African Census

Chair : Prof. Richard Marcoux,   Université Laval, Québec, Canada
Co-Chair : Prof. Jean Francois Kobiane, Université Ouaga 1 Pr Joseph Ki-Zerbo, Burkina Faso

“Only a population census can give accurate and reliable data and information on the population for each geographic level of the African countries. Alternative methods are not feasible and other sources are not available in sub-Sahara Africa, and cannot be anticipated in the near future. The census is the unique source of information for data on specific populations and sub-populations poorly represented in household surveys.” (Dackam, 2003 : 96).

At the end of the 1960s, conscious of the lack of basic information available on the populations living in the vast majority of the newly independent Sub-Saharan countries in Africa, the United Nations Population Fund (UNFPA) set up the African Census Analysis Project (ACAP), which empowered some countries on the African continent to take their first general census. Since the middle of the 70s, some of those countries had already started to gather information on their populations and already did more than 4 or 5 censuses. If we can be satisfied of this newly situation, two important topics need to be address: 1) what could be done to safeguarding this African demographic heritage and 2) how can we promote the use of the rich data produce from those censuses.

Population census in Africa provide basic information used to develop all public policies, but one problem is that the rapid burst of knowledge of African populations was not accompanied by any real effort to preserve the information collected. Computerized data storage technologies have evolved at such a rapid pace that, quite often, with no measures having been adopted to transfer the data of the 70s and 80s censuses to new storage media, the data have now been completely lost, either because the media once used to store such information is now obsolete or because they have simply disappeared.  It is urgent and crucial to protect the demographic heritage of African population censuses.

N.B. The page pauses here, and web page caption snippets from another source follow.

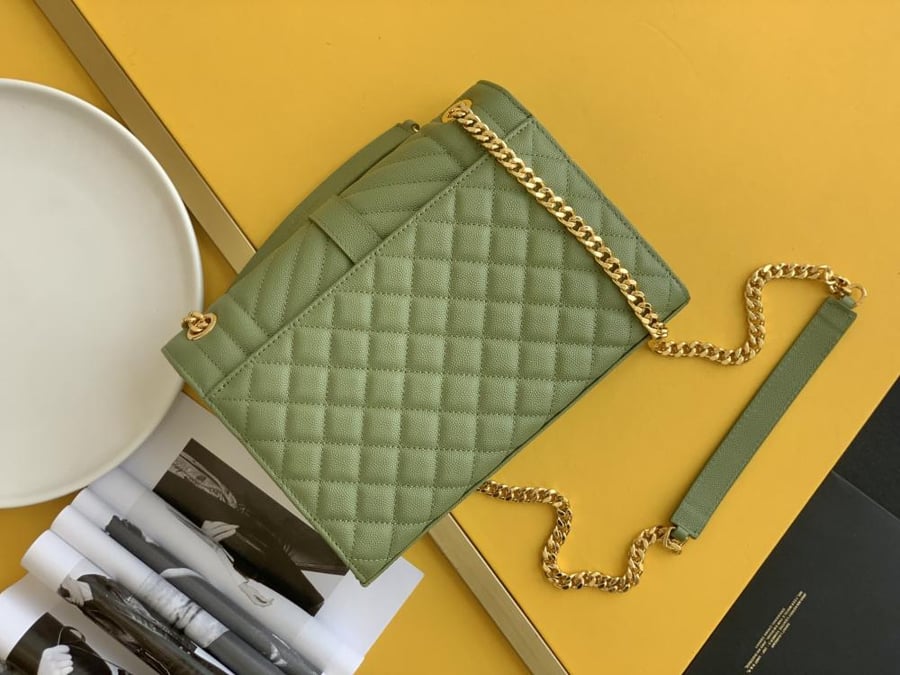سان لوران ميديم envelope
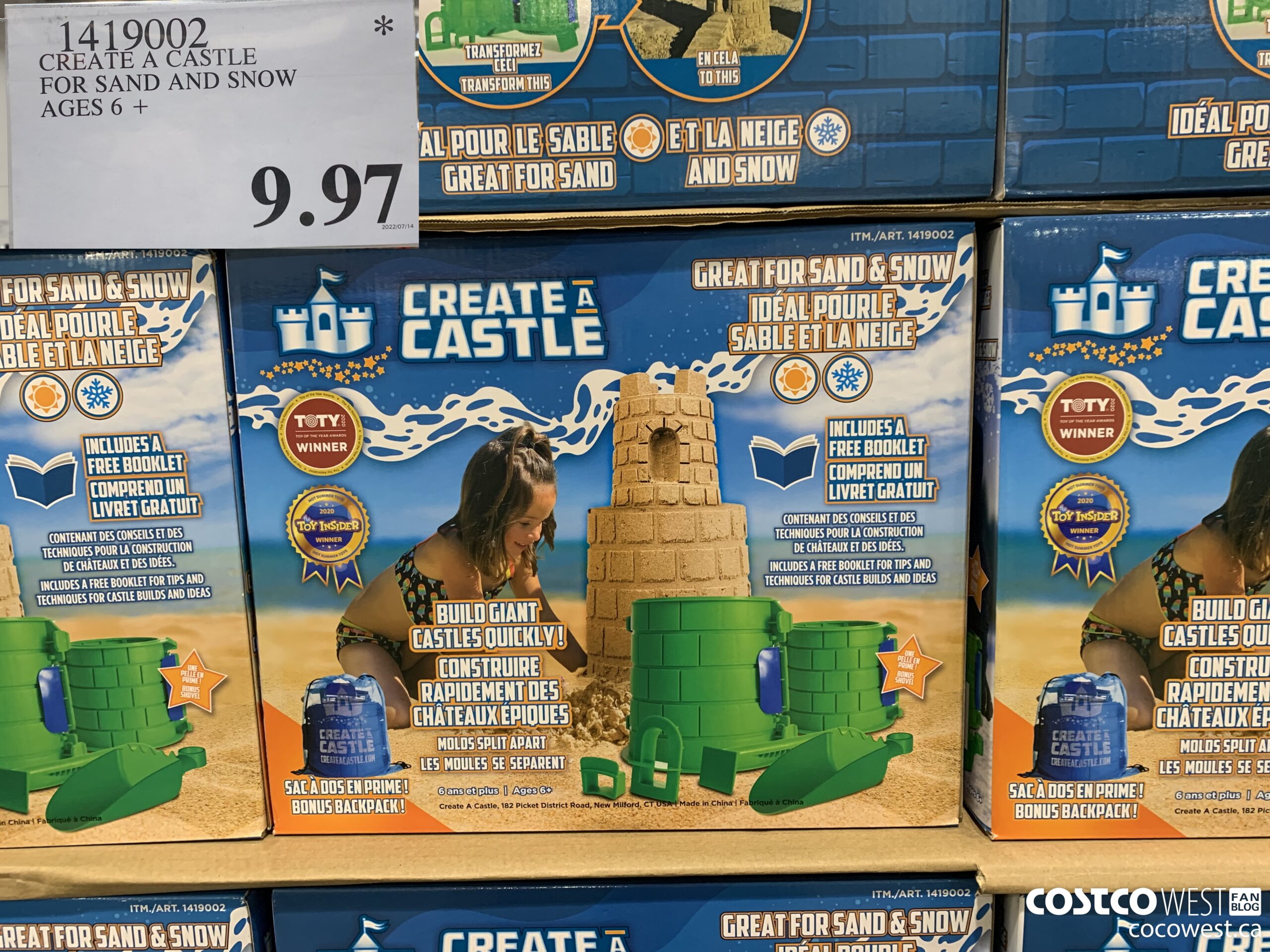1419002 CREATE A CASTLE FOR SAND AND SNOW AGES 6+ $9.97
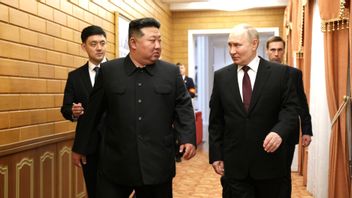 Après des pourparlers au palais de Kumsusan, le président Poutine a conduit Kim Jong-un à Naik Aurus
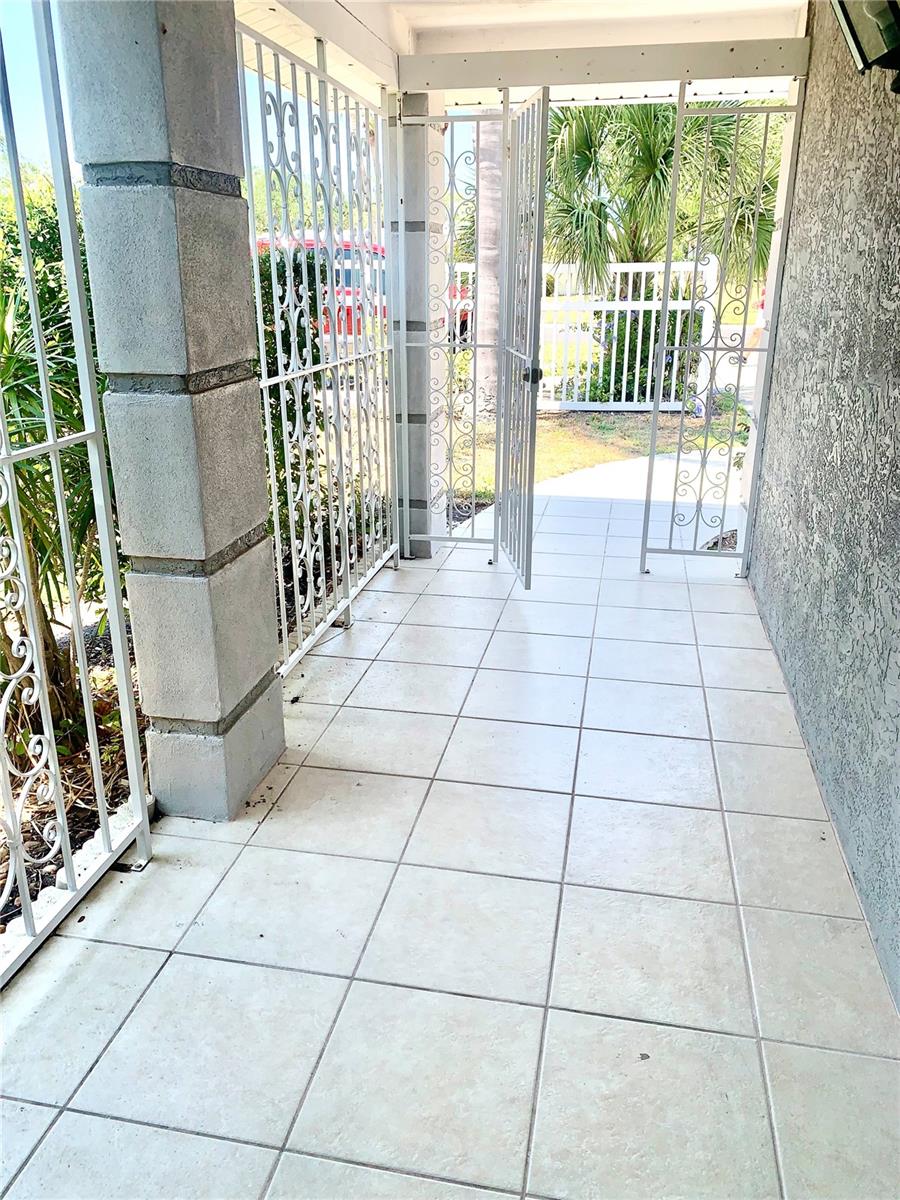 AQUALANE ESTATES 1ST - Residential Lease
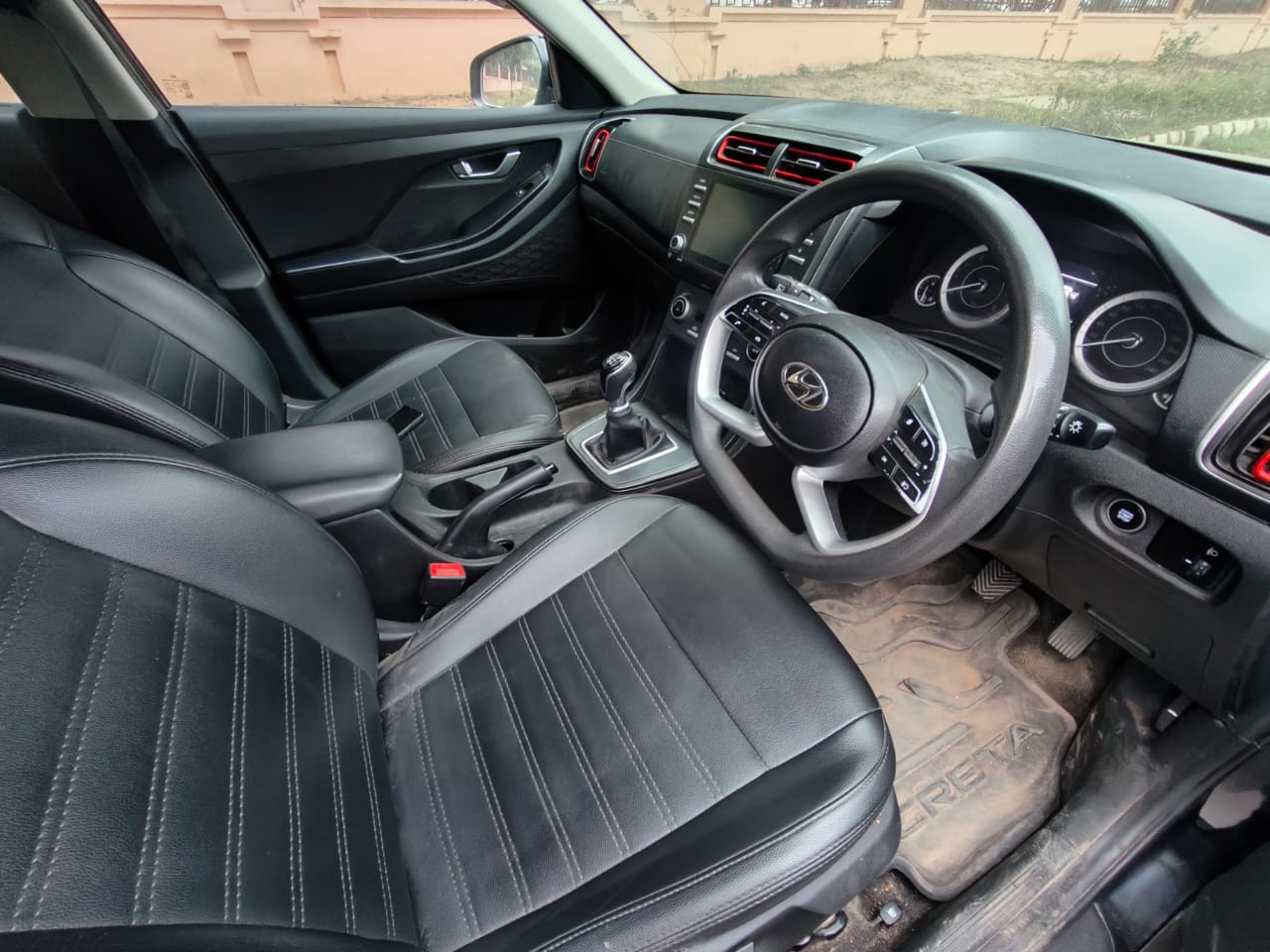 CAR HYUNDAI CRETA 1.5 MPI MTS+SE for sale in H NO. 42, ASAR MOHALLA, VILLAGE SABHAPUR, KARWAL NAGAR New Delhi — photo 3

Otherwise, considering the important cost of a census and the high quality of the information collected on population issues, the underused of those data, compared to surveys and others sources, is questionable. The technologic innovation, on census data collection or analysis, opening wide opportunities for scientific purposes but scholar networks and academic institutions seem not really involve in those topics.

The aim of this Panel is to support activities and exchange between African Scientific networks and National Statistical Institutions to promote saving African demographic heritage and the use of Census data in Africa.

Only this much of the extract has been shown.